May stated in the Commons that she did not support the idea due to worries about its “legality, practicality, and efficacy.”
The program, according to Home Secretary Priti Patel, will be “a severe blow to people traffickers” and will prevent individuals from dying on risky routes to the UK.
Charities and opposition parties has also condemned and slammed the development.
Theresa May, who also served as home secretary overseeing the UK’s immigration policy between 2010 and 2016, asked if the trial scheme would lead to an increase in trafficking of women and children – after reports that only single men making illegal crossings to the UK would be sent to Rwanda.
People considered to have entered the UK illegally will be flown to the African country, where they will be processed and, if successful, will be given long-term accommodation.
“From what I have heard and seen so far of this policy, I do not support the removal to Rwanda proposal on the grounds of legality, practicality, and efficacy.
“If it is the case that families will not be broken up, does she not believe and where is her evidence that this will not simply lead to an increase in the trafficking of women and children?” May said in response to Ms Patel’s comments on migration.
However, Patel defended the policy saying: “Change is needed because people are dying attempting to come to the UK.”
Theresa May told MPs: “This partnership is the type of international co-operation needed to make the global immigration system fairer, keep people safe, and give them opportunities to flourish.

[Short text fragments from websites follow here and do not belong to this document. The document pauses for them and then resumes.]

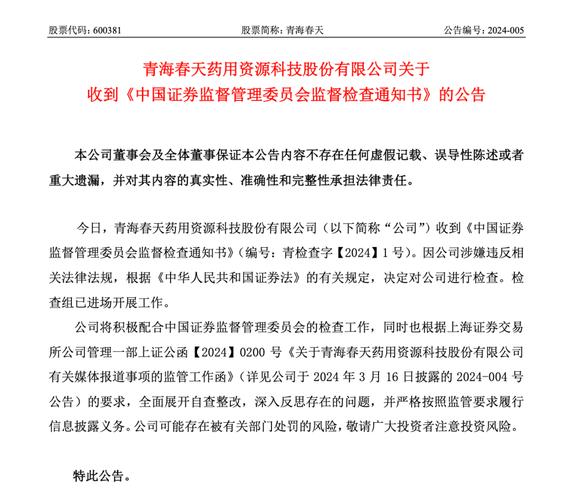 2019青海保监局录用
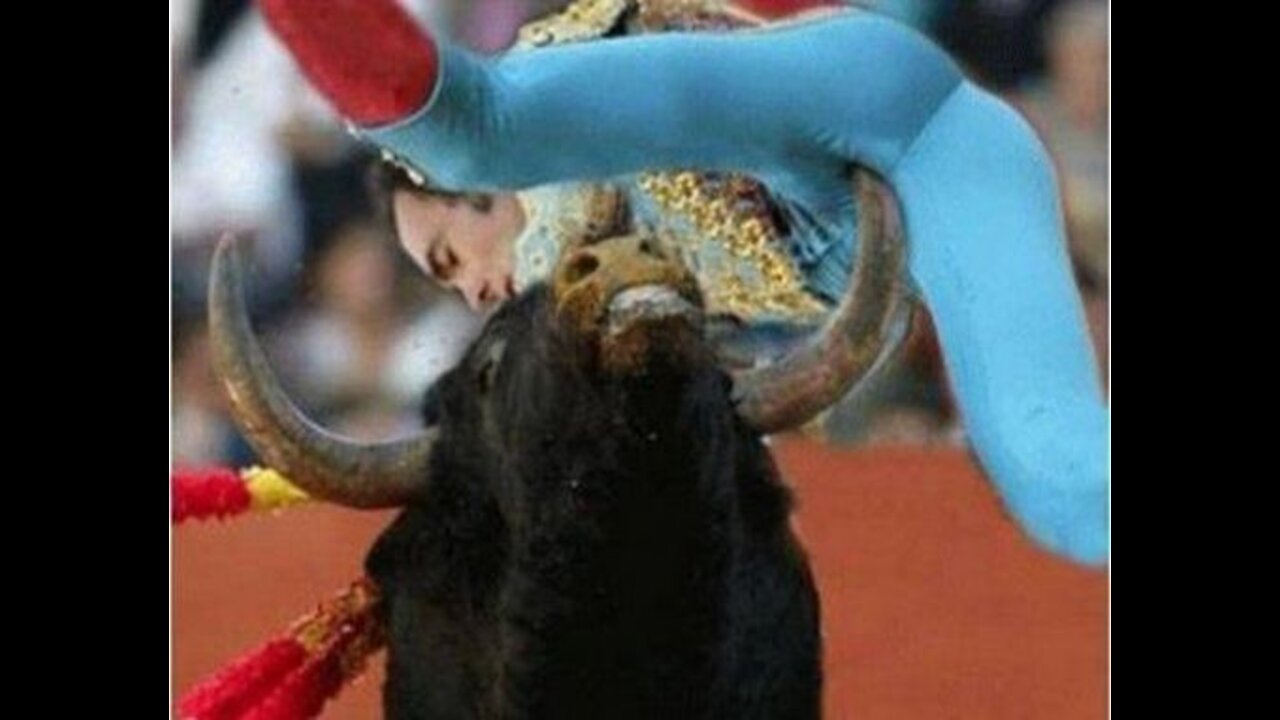 L8Night With E Honda!!!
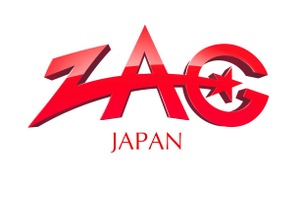 「ミラキュラス」手掛けるフランスのZAGが日本法人設立へ──COOに風早完次氏が就任予定 画像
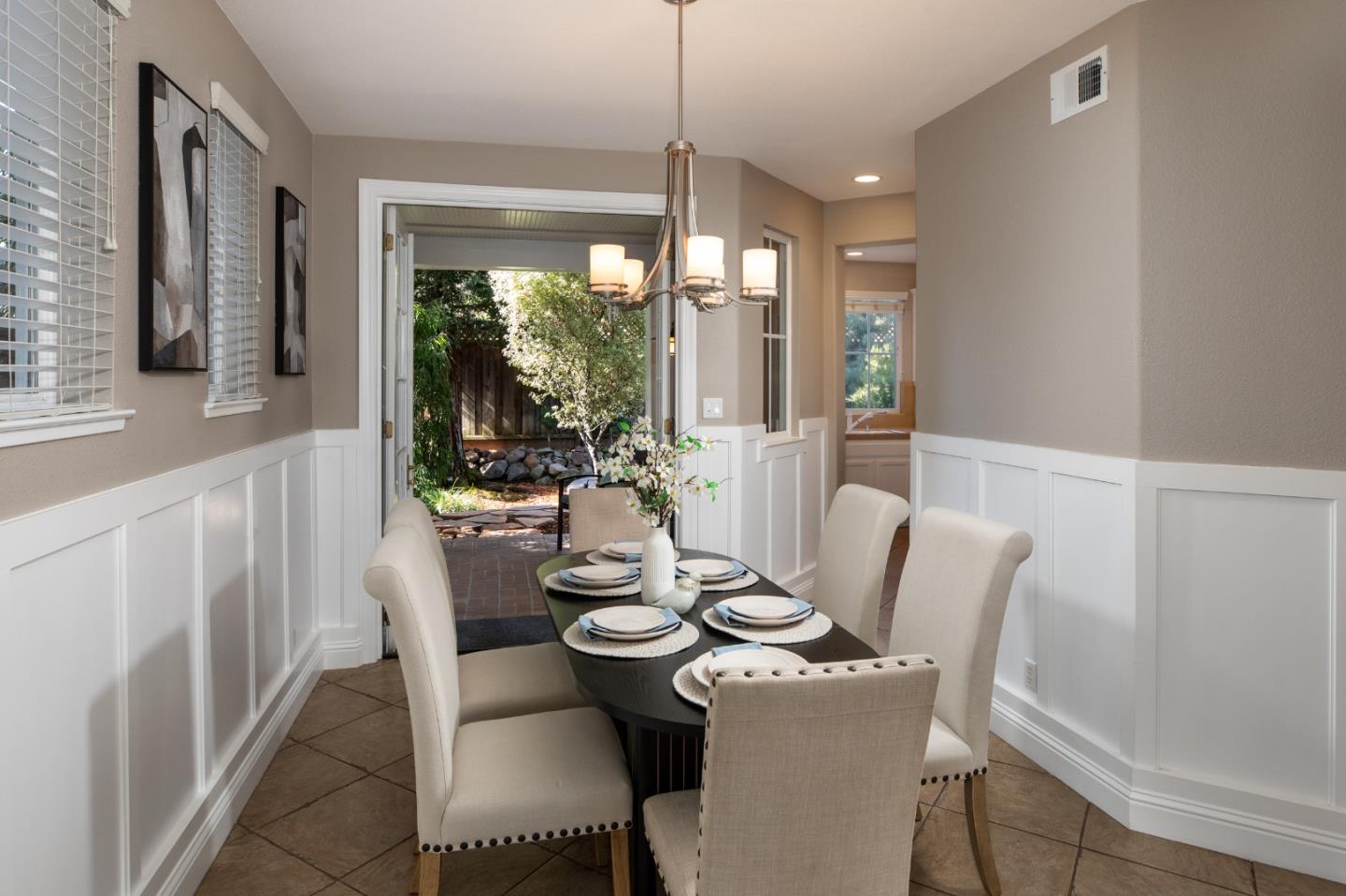 147 Naramore LN, LosGatos_1, CA 95032, Photo 7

“This will help break the people smugglers’ business model and prevent the loss of life, while ensuring protection for those who are genuinely vulnerable.”
According to a memorandum of agreement between the two countries, the UK will assess asylum seekers “immediately” when they arrive in the country, and then give Rwanda with basic information about each person it wants to transfer.
All requests would have to be approved by Rwanda before being transferred, and the agreement would continue for five years.
Following their arrival in Rwanda, each asylum seeker will be provided with housing and support, as well as the freedom to come and go from their accommodations at any time, according to the memorandum.
If the asylum application is approved, the asylum seeker will be provided long-term housing in the African country.
Those who are not recognized by Rwandan authorities as asylum seekers will be deported to a country where they have a legal right to live.
Prime Minister Boris Johnson also called Rwandan President Paul Kagame on Tuesday evening to reaffirm his commitment to working with the African country.
The number of people known to have crossed the English Channel in small boats increased to 28,526 last year, up from 8,404 in 2020.
Recall that News Central on Tuesday reported Priti Patel responded to critics of the government’s plan to transfer asylum seekers to Rwanda, claiming that they have failed to provide answers.
After her top civil servant questioned whether the scheme was cost-effective, Patel issued a ministerial instruction, which meant she took responsibility for the policy.